Gökhan İnler: Bu kıyaslama konusunda pek bir şey söyleyemem. Ama benim için en çok önem verilmesi gereken konu gençlerimizi öne çıkarmamız... Benim için gençler çok önemli... Biliyorsunuz ben 20 yaşında da geldim kimse bana bakmadı. Ama şimdi geldim şimdi bakıyorlar... Bu doğrusu değil. Bizim yetenekli çok gencimiz var. Onlara şans tanımak lazım. 16-18 yaşına kadar bizdeki çocuklar süper geliyor, ondan sonra ne oluyor? - Orada bir şey yapmak, gençlere destek olmak gerekiyor. Ben de zorluklar yaşadım, bu sebeple onlara destek vermek lazım. Çok dengeler var bu futbol dünyasında... Sadece futbol oynamak değil. Aile var, menajerler var, yatırımlar var... Bunları öğretmek lazım. Ben de yaşadım bunları... Beni de o zamanda o yönlerden desteğim yoktu.
“BEŞİKTAŞ’TA OYNAMAK HAYALİMDİ. ŞENOL GÜNEŞ’İN YERİ AYRIDIR”
* Beşiktaş günlerini, taraftarı nasıl hatırlıyorsun? Şenol Güneş ile alakalı görüşlerin nelerdir?
Gökhan İnler: Beşiktaş zamanları muazzamdı. Leicester City'den şampiyon gelip sonra Beşiktaş'ta şampiyon olmak benim için süper bir histi. Hayalim hep Türkiye'ye geldiğimde Beşiktaş'ta oynamaktı. 1 sene harika bir sene geçirdik, taraftar da sağ olsun bizi çok destekledi. - Şenol Güneş ile ilgili de her şey pozitif. Biz ara sıra görüşüyoruz kendisiyle yine... Futbol ayrı bir şey, saygı ve insanlık başka bir şey. Ben de isterdim belki daha fazla oynamak ama bazen olmayınca onlara karşı bir şey yapamazsın. Sen çalışmaya ve her şeyini vermeye devam edeceksin. Saygım herkese aynı... Kiminle konuşsanız aynısını söyler. Şenol Güneş benim için çok önemli bir insan. Ondan da çok şey öğrenebildim, güzel tecrübelerdi.
“GENÇ GÖKHAN’A, ‘İKİ GÖZÜNÜ BİRDEN AÇ!’ DERDİM”
* Yıllar öncesine gidip genç Gökhan İnler'e bir tavsiye verecek olsaydın bu ne olurdu?
Gökhan İnler: Ona derdim ki; "Gökhan, gözlerinin ikisini de aç..." Neden öyle derdim? Bazen oyuncular güveniyor. Tamam güven iyi ama kontrol daha iyidir. Tabii ki zor bir şey bu... Ama ben yaşadığım için gençlere de tavsiye ederim; her şeyi öğrensinler.

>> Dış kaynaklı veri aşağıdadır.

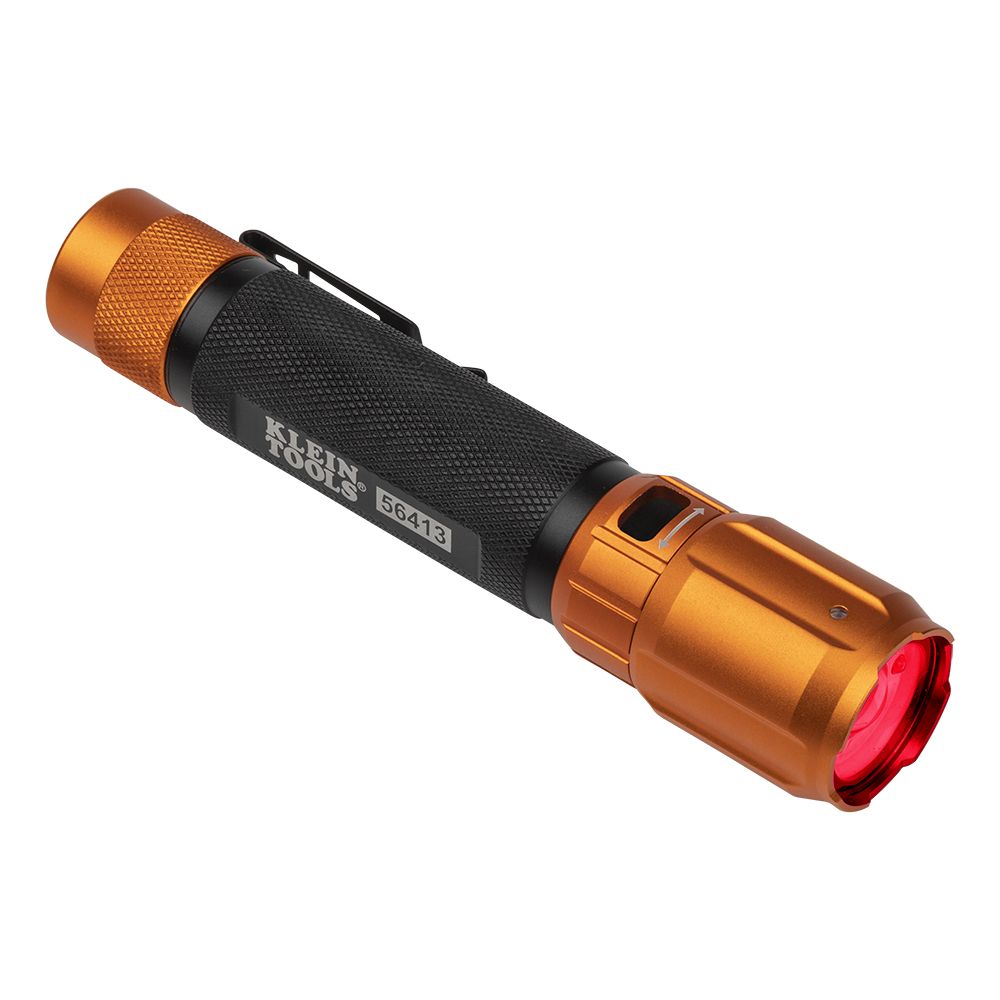 Klein Tools 56413, Rechargeable 2-Color LED Flashlight with Holster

- Futbol yeteneğin var tamam ama gelecekteki baskı, menajer olsun, yatırımlar olsun az önce de söylemiştim. Bunlar çok önemli faktör... En önemli faktör aile... Aileyi çok iyi yönetmek lazım bu süreçlerde... Bir yeteneği bir aile de başka yerlere götürebiliyor. Onun için en önemlisi Gökhan'a tavsiyem; "Gözlerinin ikisini birden tamamen aç ve öğren..."
“KAPTAN OLMAK KOLAY BİR ŞEY DEĞİL, ÇÜNKÜ…”
* Kaptan olmanın özetini yapacak olsa Gökhan İnler neler söylerdi?
Gökhan İnler: Kaptan olmak bence kolay bir şey değil. Bunu hemen de yapamazsın. Tecrübe lazım... Her yönü görebilmek lazım. Başkan, hoca ve takım arasında bir bağ olması lazım. Bence dil de önemli... Biliyorsunuz takımlarda yabancı diller var. Bazen bazıları iletişim kuramıyor. Çok maç oynamış olmak, milli takımda oynamış olmak bir kaptan için en önemli faktörler... Bir de tabii ki karakter... Bazıları daha heyecanlı, enerjili kaptanlar oluyor. Bazıları daha sakin ve yönetici kaptanlar oluyor. Liderlik özelliği olanlar kaptanlık yapabilir.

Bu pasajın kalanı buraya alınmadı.